* 1 * 喪失と夢の日々。
「ふざけんなよ……」
聞いたことのない低い声。相手があたしの肩を思いきり突き飛ばした、と気づいたのは、しばらくしてからだ。壁に背中を強く打って痛みを感じた。
「……ごめんなさい」
あたしは謝った。何が悪かったのかはわからない。ただジンジンと響く背中の痛みが、そうさせた。
「二人でいるときは、ケータイ見えるところに置いておけって言ったよな」
「ごめんなさい……」
「何で俺の見えないところでとったんだよ、その電話」
「仕事の電話だったから」
「お前の仕事内容なんて、俺には筒抜けなんだよ。見えないところでとる必要ないだろ」
もう一度、謝罪の言葉を口にしようとしたとき、彼はあたしの頬を打った。
「……っ」
「ふざけんなよ、謝ればいいと思ってるだろ」
鉄の味がした。きっと口の中が切れたんだ。――あたしはもう、限界だった。
「……もう、無理」
手にしたままのケータイ、玄関に置きっぱなしだったハンドバッグ。それだけを手にして、あたしは部屋を出る。涙は出なかった。一ヶ月前から、こうすべきだった。
安いパンプスからは、それなりに安い音がする。慣れた道を駆け抜けながら、今朝のテレビの占いコーナーを思い出していた。……確か、順位は最低だった。

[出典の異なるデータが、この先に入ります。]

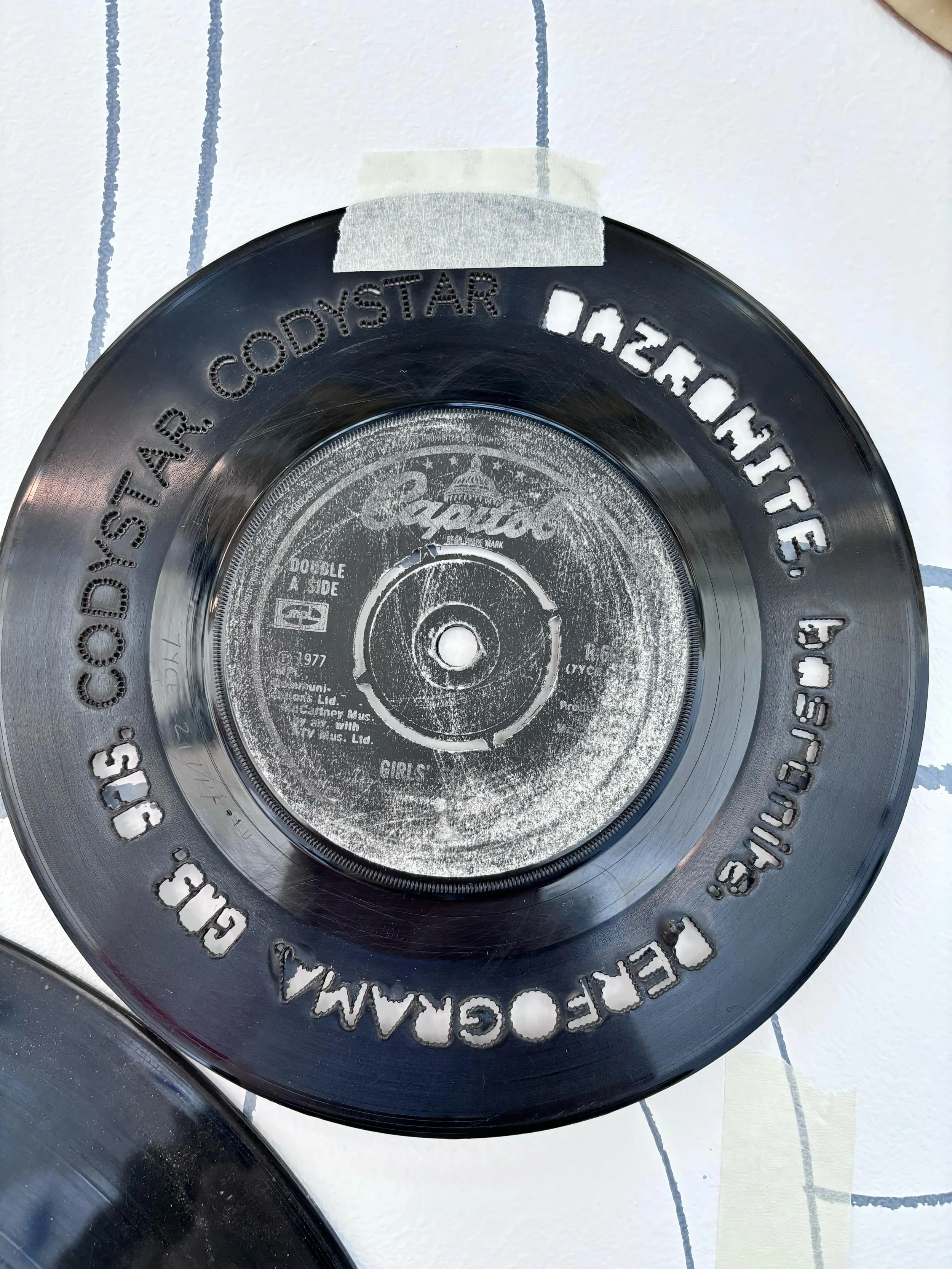 Close-up of a vinyl record with a tape on the side and detailing around the edge, placed on a tiled floor.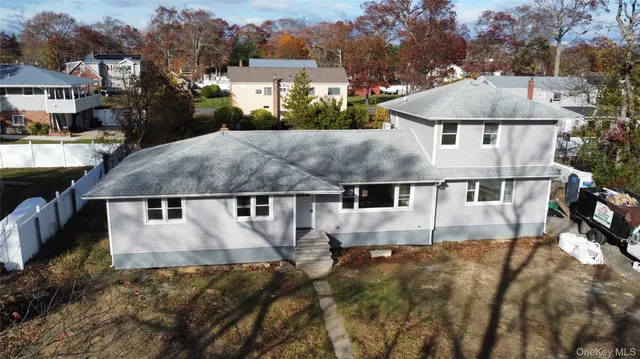 an aerial view of a house with a yard and sitting area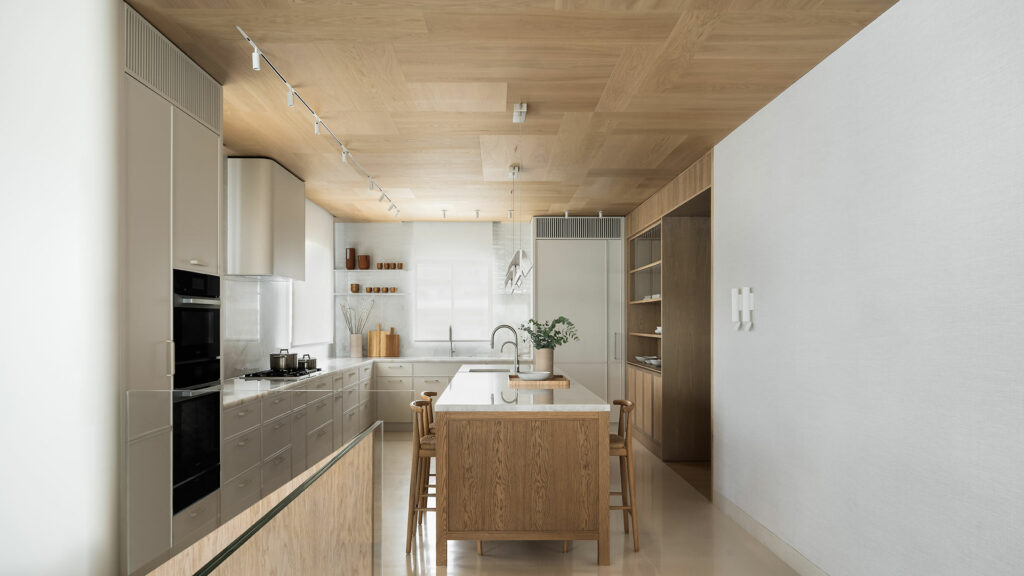 light-colored wood flooring that reaches the ceiling in the kitchen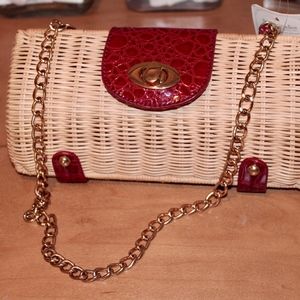 Wicker and red leather turn lock clutch
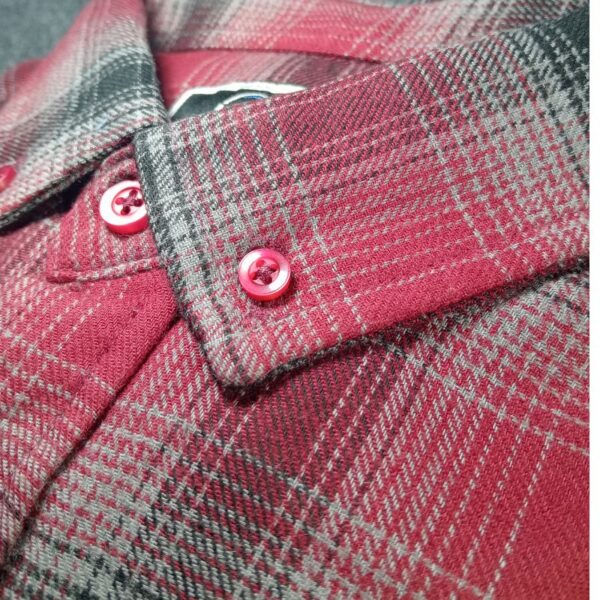 Close-up of the collar on a trendy red check shirt, highlighting its sharp tailoring, vibrant red checkered design, and slim-fit modern style.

街灯が少ないこの夜道を、不安に思い始めたのは一ヶ月前だった。
それまでは、暗い道も怖いとは思わなかったのに……。
何でこんなことになっちゃったんだろう?
あたしは、幸せなはずだった。
氷川弓弦くんは完璧な彼氏だった。あたしにはもったいないくらいの。
同期入社で、優秀な営業マン。人望も厚い。少し幼いけれど、甘い顔立ち。細身のスーツを着こなすところなんて、女の子の人気も高かった。
つきあい始めた頃は、随分とやっかまれたけど、彼はあたしとの付き合いを隠さなかったから、やがて嫉妬の視線も消えていって公認カップルになった。
だから……あたしたちは、このまま結婚するものだと思っていた。
そう、だからこそ、あたしは自分から「一緒に暮らさない?」って言った。週の半分は彼の家に入り浸っていたのだから、その方が都合がいいと思ったんだ。
ワクワクしながら、部屋を探したんだ。一緒に不動産屋さんをまわって、夫婦に間違われたり。IKEAに行って、お互いの共通の好みを知りながら家具を見つけたり。
幸せになれると思ってた。これから、ふたりでいろんなことをしていくんだって。段階を踏んで、あたしたちは家族になるんだって。
だけど、彼は変わった。知らなかっただけ、ううん、目を瞑って見ないようにしていただけなのかもしれない。
毎日、あたしのケータイをチェックするようになった。休日は行き先をきちんと告げないと激昂するようになった。女子会に行ったとしても、そこに男がいなかったかチェックするために迎えに来る。
友達には「愛されてるね」なんて言われちゃって、あたしは曖昧に頷くしかなくて。
――そして一ヶ月前、初めて氷川くんはあたしに手をあげた。